I believe the labels we apply... one person's erotica is another person's pornography... hurt relationships in the US more than viewing a bare tit or vaginal penetration. & the double standards that are tacitly endorsed by people such as Elliot Spitzer keep us from enjoying healthy sexuality even at a couple level.

In my case? Hell, it's a great stress reliever at a time there's lots of stress... imagine having to defend that I'm not Jack the Ripper by showing stories I've written to my family & her family because she's telling people total shit about me as a justification for choosing divorce... Sadly, it isn't pornography at all that's the root of the problem, but trust... or the lack thereof. & then pornography can become an excuse... but if i'd never seen a playboy or a penthouse letter the trust issue wouldn't have changed, I'd just have that many fewer interesting stories i choose NOT to tell, because they're private & wouldn't mean anything to anyone else.
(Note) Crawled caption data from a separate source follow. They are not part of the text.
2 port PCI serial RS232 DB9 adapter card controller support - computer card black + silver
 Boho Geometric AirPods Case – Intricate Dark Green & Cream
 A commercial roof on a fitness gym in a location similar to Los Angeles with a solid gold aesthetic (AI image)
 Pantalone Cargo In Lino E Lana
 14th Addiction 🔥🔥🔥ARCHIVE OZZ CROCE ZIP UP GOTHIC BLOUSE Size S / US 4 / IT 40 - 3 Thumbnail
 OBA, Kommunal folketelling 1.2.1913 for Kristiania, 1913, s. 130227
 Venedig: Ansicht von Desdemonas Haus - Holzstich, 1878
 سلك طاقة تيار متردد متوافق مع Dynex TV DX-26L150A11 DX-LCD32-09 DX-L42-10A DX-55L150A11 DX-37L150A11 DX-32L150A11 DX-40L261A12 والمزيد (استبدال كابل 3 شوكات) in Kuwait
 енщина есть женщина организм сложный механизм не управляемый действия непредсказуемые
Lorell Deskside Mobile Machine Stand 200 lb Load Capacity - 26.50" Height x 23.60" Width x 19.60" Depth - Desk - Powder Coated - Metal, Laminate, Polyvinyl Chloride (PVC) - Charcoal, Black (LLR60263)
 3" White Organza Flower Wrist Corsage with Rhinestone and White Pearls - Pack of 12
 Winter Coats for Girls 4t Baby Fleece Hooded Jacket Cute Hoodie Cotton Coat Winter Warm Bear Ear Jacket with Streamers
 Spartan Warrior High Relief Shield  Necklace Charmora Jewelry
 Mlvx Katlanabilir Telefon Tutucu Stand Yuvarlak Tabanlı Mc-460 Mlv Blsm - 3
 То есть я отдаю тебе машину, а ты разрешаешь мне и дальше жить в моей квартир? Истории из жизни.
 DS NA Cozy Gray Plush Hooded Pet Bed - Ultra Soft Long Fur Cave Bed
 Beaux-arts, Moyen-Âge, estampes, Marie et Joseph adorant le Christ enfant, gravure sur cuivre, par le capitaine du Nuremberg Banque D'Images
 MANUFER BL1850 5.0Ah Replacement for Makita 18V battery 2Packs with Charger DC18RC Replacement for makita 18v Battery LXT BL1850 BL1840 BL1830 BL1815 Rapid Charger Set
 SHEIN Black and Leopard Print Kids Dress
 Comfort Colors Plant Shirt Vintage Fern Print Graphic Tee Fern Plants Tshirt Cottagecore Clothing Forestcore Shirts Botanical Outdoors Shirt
Wayyyy too long & wayyy too personal, so to the few that read this far, my apologies.

Porn 'use' is something to be enjoyed by adults of either sex, whether single, involved, or married. It's not a crime, sin, or disease.

Now stop reading & check out the new additions to adult models, centerfolds, or porn stars...

or better yet, sign off, shut down, & go tell the person who's special to you that they're special to you... & show it to them!

Pax
RA
 
Porn has only enhanced my relationships.
Mine too. She falls asleep on the couch half way through the daily show...and I go spank it to porn...I have a great marriage.
 
I've been in relationships where porn is "allowed" by my girlfriend, even watched some together for stimulation/exploration purposes. I've also been (and am currently) in a relationship where porn is strictly verboten. Being a porn addict, I'm still watching/looking either way.

For my part, I've found that my relationships with "porn-friendly" women have not been successful. I'm sure there's all kinds of psychological studies to explain this, but...

I've also found that in a relationship where porn is not allowed, I tend to have sex with my fiancee more often when I haven't been looking at porn for awhile- it's like my head's out of the fantasy land of silicon queens and in-your-eye-cumshots, and "normal" sex with a "normal" woman seems more appealing to me.

I'm kind of echoing what others are saying here, just in my own words - but that's what a message board is all about, right :)
 
My wife does not approve of my porn viewing. I personally do not think it takes anything away from my marriage - it actually enhances it. I have never cheated on my wife and I think part of that is that I can safely and sanely look (among other things) at other women.

Ironically she caught me last week looking at Freeones and was very mad for a day - the next day the makeup sex was great!